The University of Leiden teaches a course Configuring the world on the Cousera platform. Central in this course are six spreadsheets with data describing the state of 152 countries.

The data scattered over these six spreadsheets were merged into one .csv file. This file can be imported into statistical packages like R, SAS or SPSS.

CTW Files in this repo

  • readme.md (this file)
  • ctw.csv (the merged data)
  • ctw_code_book.rtf (a simple code book with definitions of the column names)
  • ctwAll.xlsx (one Excel sheet containing all data, missing values are empty cells)

Notes by ctw.csv

  1. Fields are separated by a ;
  2. The used decimal point symbol is .
  3. Missing data are coded with NA.

Miscellaneous

ISO maintains a list of official country codes and names. The file cIDs.csv (country IDs) contains a database of these codes and names (source: [en.wikipedia](http://en.wikipedia.org/wiki/ISO_3166-1 "ISO 3166" "iso 3166 UK") and fr.wikipedia).

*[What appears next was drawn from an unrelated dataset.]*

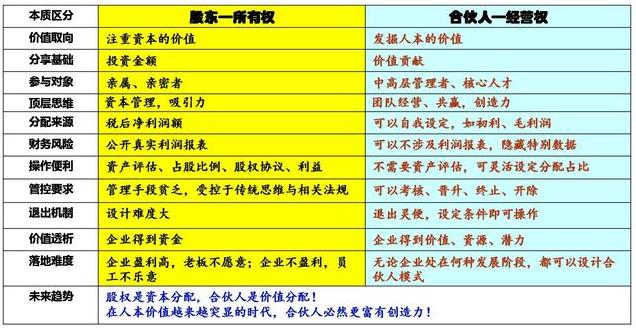 合伙人出力不出钱利润分成方案,合伙人只出钱不出力股权怎么分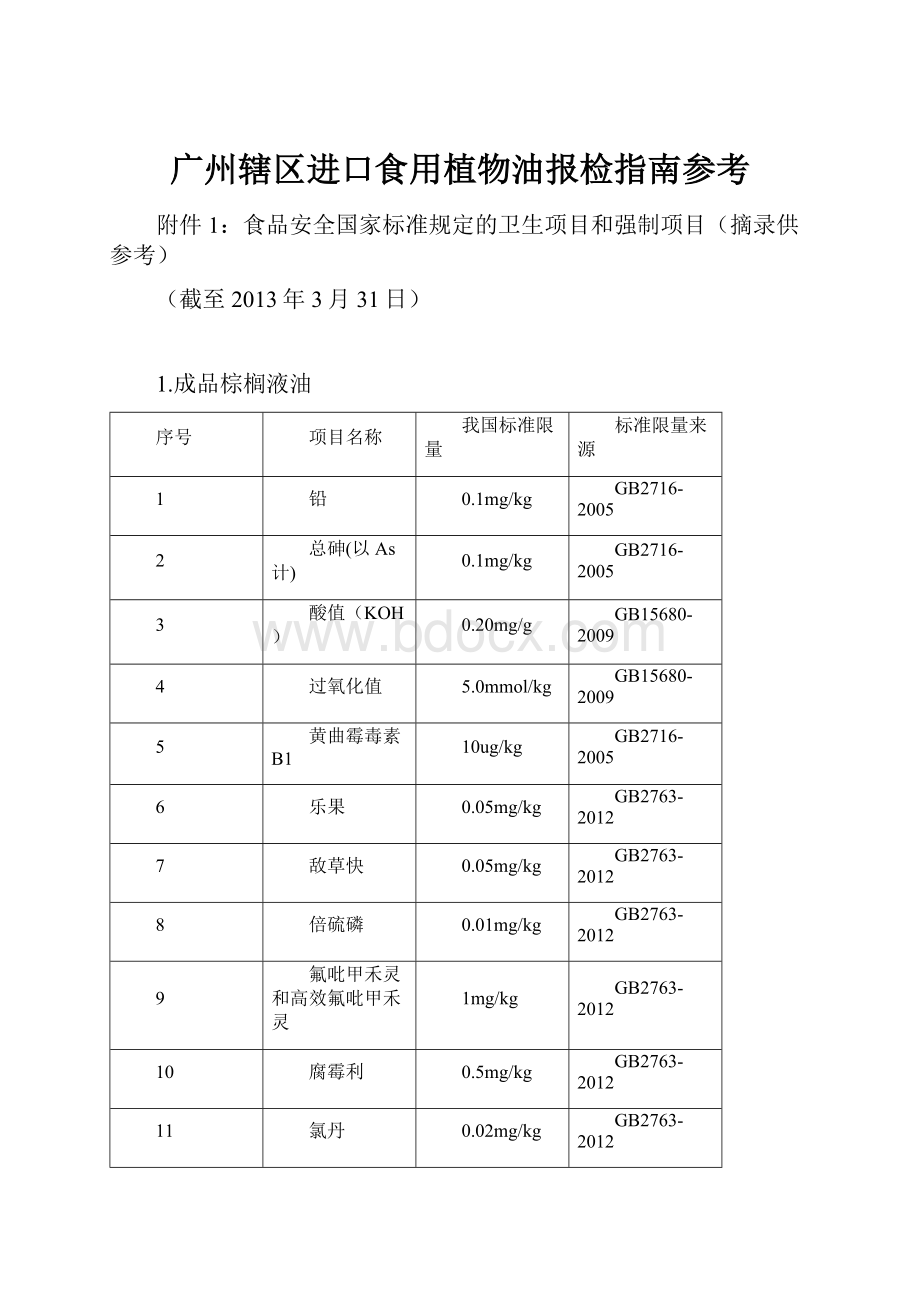 广州辖区进口食用植物油报检指南参考.docx_第1页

  • cIDs.csv (database containing ISO 3166-1 codes and names for countries)
  • the R-script make_cIDs.R contains all the steps needed to reproduce the creation of cIDs.csv (hence the process is fully documented and reproducible)

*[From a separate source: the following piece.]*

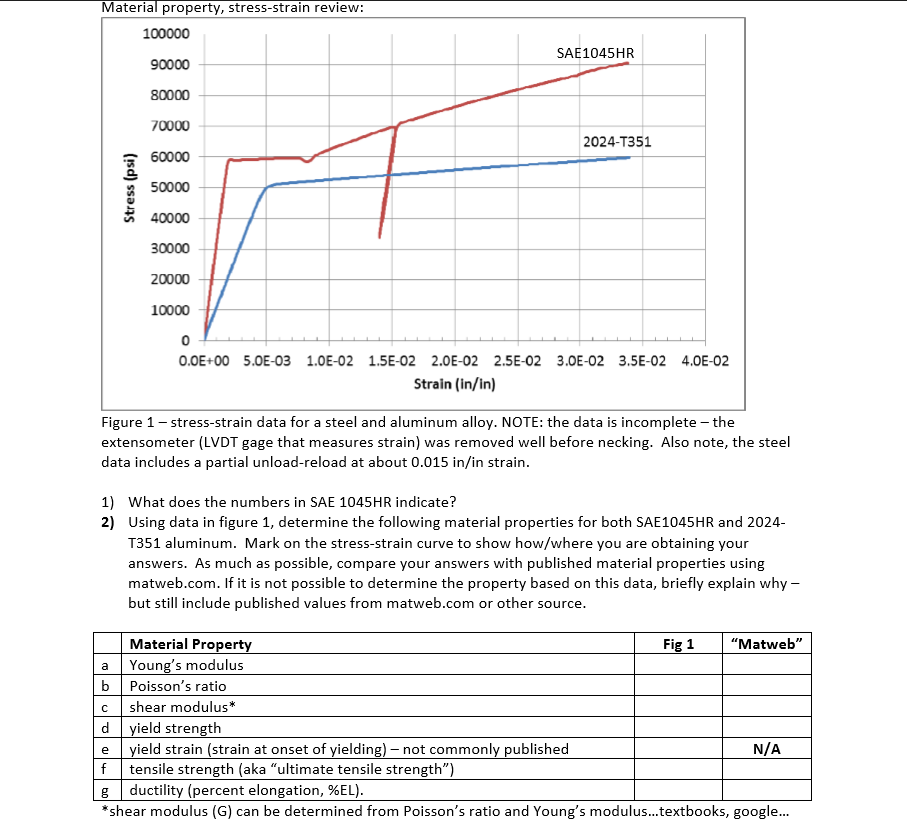 Material property, stressstrain review 100000 90000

The Gapminder project is a rich source of data. It uses standard display names to identify countries. The file gapCID.csv contains a database of these names and corresponding ISO codes (only countries that have ISO codes are listed).

  • gapCID.csv (database of Gapminder display names and their ISO codes)

Example of ctw.csv use

The file ctw_example_using_Python.ipynb gives an example of how the ctw.csv data can be used for data analysis in Python. Note that this file is viewable on gitHub.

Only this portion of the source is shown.